A pledge signed by nine al-Qaida commanders from Afghanistan, Turkmenistan and Iran is the latest example of how the terrorist movement's once monolithic structure has begun to crumble under stress from Syria's civil war.
The "Khorasan pledge," which was signed April 9, announces a shift in loyalty from al-Qaida chief Ayman al-Zawahiri to Abu Bakr al-Baghdadi, head of the Islamic State of Iraq and Syria (ISIS).
Al-Zawahiri denounced ISIS at the beginning of February and said al-Qaida had nothing to do with the group.
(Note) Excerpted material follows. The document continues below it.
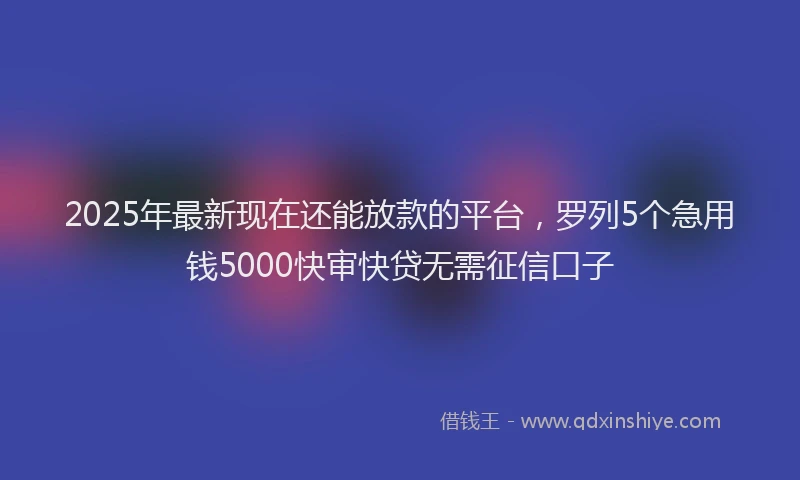 2025年最新现在还能放款的平台，罗列5个急用钱5000快审快贷无需征信口子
The split left al-Qaida without representation in Iraq, where the ISIS began and spent the better part of the past decade fighting U.S. troops.
ISIS had been engaged in an internecine battle with Jabhat al-Nusra, al-Qaida's other Syrian branch prior to al-Zawahiri's denunciation.
The nine leaders who signed the pledge attacked Zawahiri and Jabhat al-Nusra without naming them, saying they "did not have any courage to enforce judgments over those who disobey sharia, under the pretext of avoiding a clash with people due to their inability and incapacity, although they enforced in secret more than they did out in the open."
They argued that conflict began with a dispute between the late Islamic State of Iraq leader Abu Musab al-Zarqawi and Zawahiri in 2005. In their view, Zawahiri has "always been lax." Zawahiri is an apostate who does not go far enough in merely referring to the Shia as infidels, they said.
The declaration has been circulating in jihadi forums such as Shumukh al-Islam.
One source sought to downplay the pledge's importance, telling the Lebanese Al-Akhbar newspaper that it had been blown out of proportion by the media. "The people mentioned are not in a leadership position and do not carry any notable responsibilities," the source told Al-Akhbar.
ISIS spokesman Mohammed al-Adnani attacked al-Qaida a few days after the signing of the declaration saying that "al-Qaida deviated from the rightful course."